If only we had a data set that measured word frequency across the internet as we're getting more and more into AI being used... Maybe with a baseline from before 2021 for comparison... But no let's just stop measuring word frequency entirely because we can just assume what will happen and we're angry.

Reply View | 0 replies

charlieyu1 a year ago

Web before 2021 was still polluted by content farms. The articles were written by humans, but still, they were rubbish. Not compared to current rate of generation, but the web was already dominated by them.

Reply View 1 reply

devjab a year ago

Maybe, it if you’re studying the way humans use language you’re still getting human made data from rubbish. There isn’t any value in AI generated content is what you’re cataloging is human language.

Reply View | 0 replies

altcognito a year ago

It might be fun to collect the same data if not for any other reason than to note the changes but adding the caveat that it doesn’t represent human output.

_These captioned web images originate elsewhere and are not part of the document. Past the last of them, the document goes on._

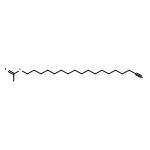 Ethanethioic acid, S-(16-cyanohexadecyl) ester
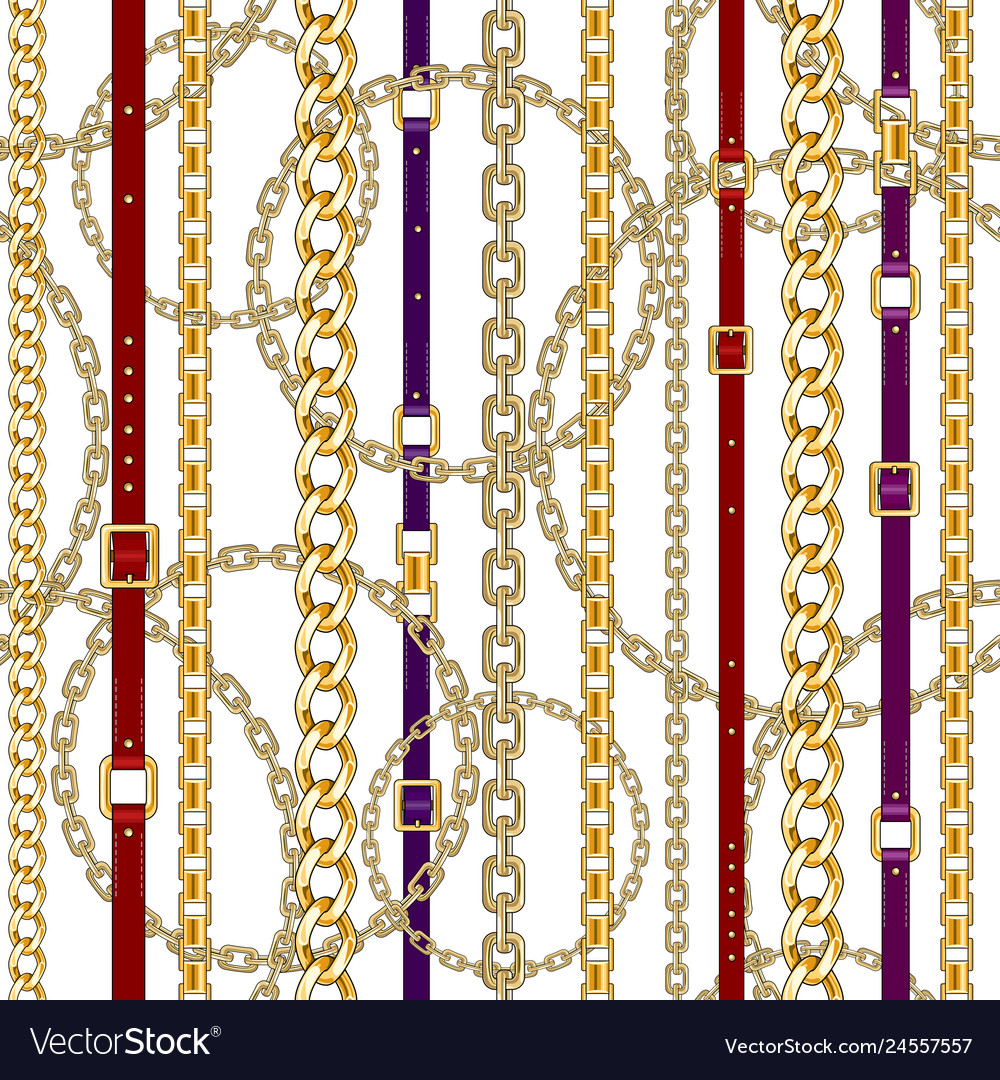 Gold Chain Pattern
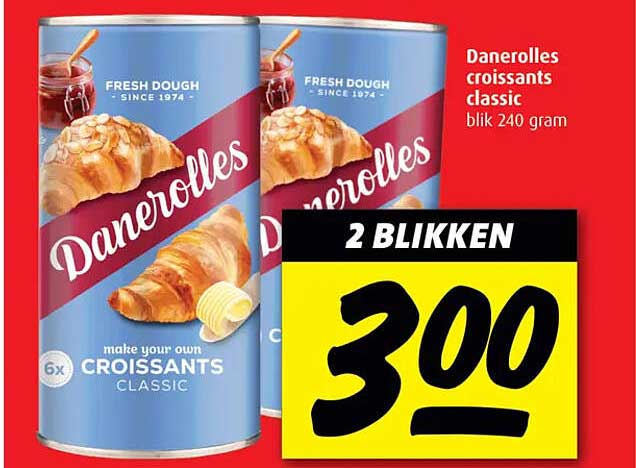 Danerolles croissants classic blik 240 gram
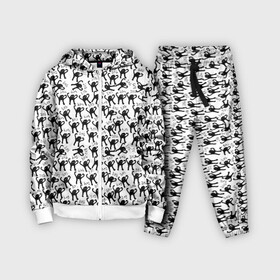 Детский костюм 3D с принтом ЪУЪ в городе Новоалтайск,  |  | cursed cat | meme | pattern | truxkot19 | кот мем | мем с котом | мемы | паттерн | прикол | съука | черный кот | ъуъ съука | юмор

Might even change the tool name.

Reply View 2 replies

jpjoi a year ago

The point was it’s getting harder and harder to do that as things get locked down or go behind a massive paywall to either profit off of or avoid being used in generative AI. The places where previous versions got data is impossible to gather from anymore so the dataset you would collect would be completely different, which (might) cause weird skewing.

Reply View | 1 reply
- oneeyedpigeon a year ago
  
  But that would always be the case. Twitter will not last forever; heck, it may not even be long before an open alternative like Bluesky competes with it. Would be interesting to know what percentage of the original mined data was from Twitter.
  
  Reply View | 0 replies

jadayesnaamsi a year ago

The year 2021 is to wordfreq what 1945 was to carbon carbon-14 dating.

I guess the same way the scientists had to account for the bomb pulse in order to provide accurate carbon-14 dating, wordfreq would need a magic way to account for non human content.

Saying magic, because unfortunately it was much easier to detect nuclear testing in the atmosphere than to it will be to detect AI-generated content.